Still, Brookshire Farms co-owner Shawn Callaway believes tree sales may continue to rise.
The farm, located at 4747 Los Osos Valley Rd. in San Luis Obispo, is one of a handful of locations selling real Christmas trees on the Central Coast.
Eight years have passed since the farm first began selling Christmas trees, shipped to San Luis Obispo County from their northwest Oregon tree farm. They began selling their several varieties of Christmas trees on Friday, Nov. 26, the day after Thanksgiving.
Friday’s and Sunday’s sale numbers broke all-time records at the farm.
“Friday was crazy,” Callaway told KSBY. “We actually sold 48 trees in 45 minutes.”
At Brookshire Farms, tree supply has not been an issue – yet.
“Check back in about two weeks,” Callaway said, describing Christmas tree “procrastinators” in San Luis Obispo County. “A lot of people wait till the last 10 to 15 days [before Christmas]. There will be some trees, but not what they want. It will be interesting to see what happens.”
Callaway expects to have tree inventory through Dec. 12 or 15, marking a shorter season than past years.
“There is a shortage. I can normally get trees through the 20th of December,” he said.
Callaway estimated that tree supplies across San Luis Obispo county are about 4,000 or 4,500 trees short of demand.
Part of that is due to a June heatwave that damaged a million and a half trees in Oregon and Washington.
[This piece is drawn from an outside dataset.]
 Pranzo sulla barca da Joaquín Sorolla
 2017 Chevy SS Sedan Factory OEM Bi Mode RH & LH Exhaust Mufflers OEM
Additionally, some tree sellers on the Central Coast have closed their doors this year.
Santa Maria tree shoppers are no longer able to shop at the Christmas Tree Corner, whose owner retired last year after selling trees for decades on South Broadway.
Sunny Acres, a sober living facility on Los Osos Valley Rd. in San Luis Obispo, is not selling trees this year, they announced Nov. 17 on their Facebook page.
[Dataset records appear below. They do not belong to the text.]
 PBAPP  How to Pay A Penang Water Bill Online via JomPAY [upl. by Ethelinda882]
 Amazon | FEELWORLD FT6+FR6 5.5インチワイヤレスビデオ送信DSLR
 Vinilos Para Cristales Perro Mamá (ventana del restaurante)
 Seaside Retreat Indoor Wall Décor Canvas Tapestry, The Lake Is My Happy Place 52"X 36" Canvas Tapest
Brookshire Farms has raised most of their tree prices by about $10 across the board. Callaway says the big trees, describing those 10 feet tall or higher, went up $15 per tree.
Still, the raised prices aren’t making up for the cost increases the farm is seeing.
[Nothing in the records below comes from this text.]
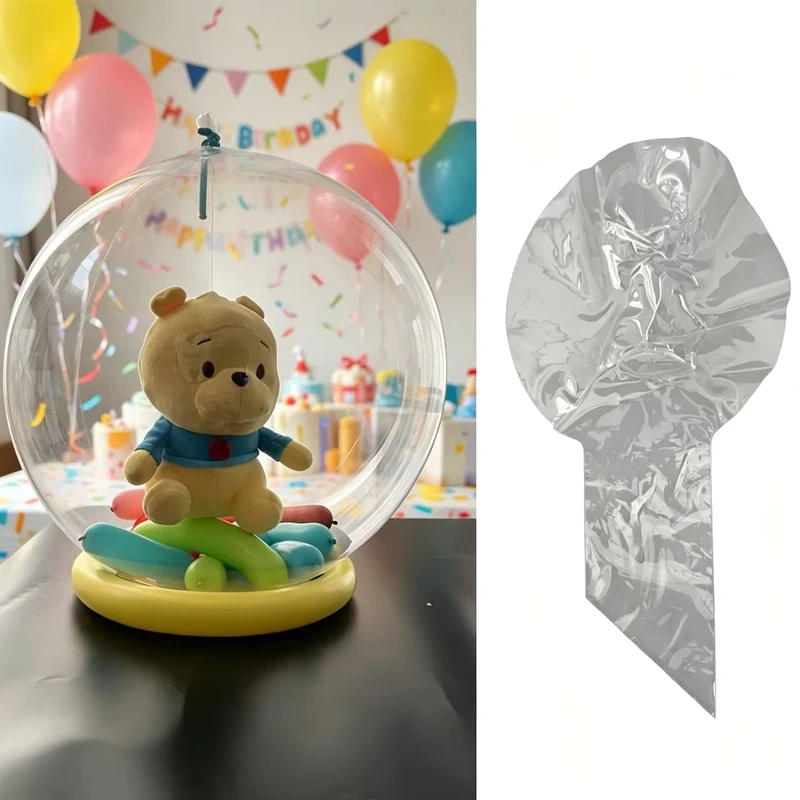 10Pezzi Bobo Balloon Bulk Decorazione per Festa di San Valentino Compleanno Baby Shower Pre-stretched Wide Neck Trasparente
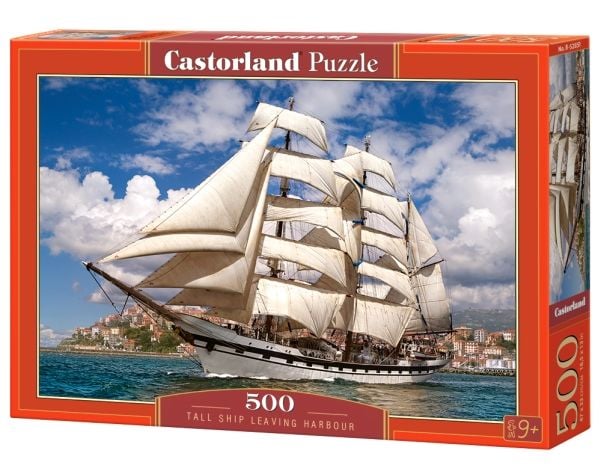 Castorland Tall Ship Leaving Harbour 500 pcs, 500 stykker, Skip, 9 år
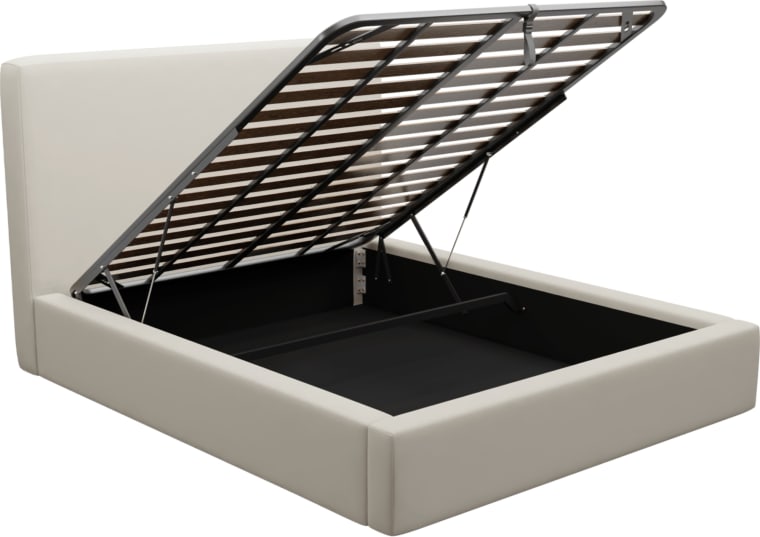 Felix Gas Lift Bed Toorak Pearl color Toorak Pearl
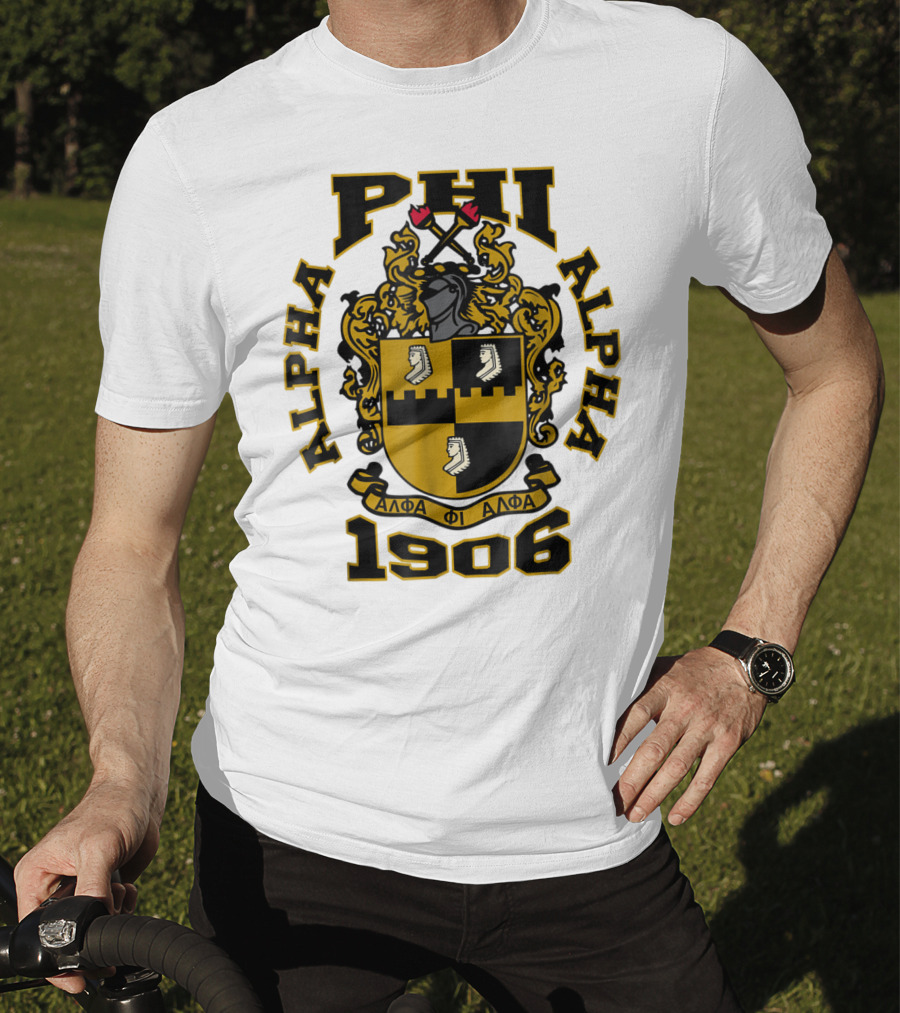 Alpha Phi Alpha Fraternity Crest 1906 ΑΦΑ T-Shirt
“Trucking is through the roof and very difficult to get,” Callaway said. “We factored for increased costs, and we factored poorly.”
Each truckload of trees costs up to $2,000 more to ship than it has in years past, Callaway says. The farm works hard to keep the cut trees, which travel via truck in refrigerated trailers, as fresh as possible.
Heat is another factor crews at Brookshire Farms are dealing with.
“It’s 92 degrees here at the farm in Los Osos,” Callaway said on Tuesday afternoon. “Christmas trees don’t like the beating hot radiant sun.”
The farm is making adjustments to keep the trees cool and hydrated, which include shade shelters and rotating the trees’ direction throughout the day. At night, they cover the trees in burlap and black fabric and irrigate them.
Brookshire Farms is selling trees at their San Luis Obispo location and at the Paso Robles Fairgrounds parking lot.
Christmas trees are a business Callaway described as a gamble and a risk—a statement that 2021 has proved true.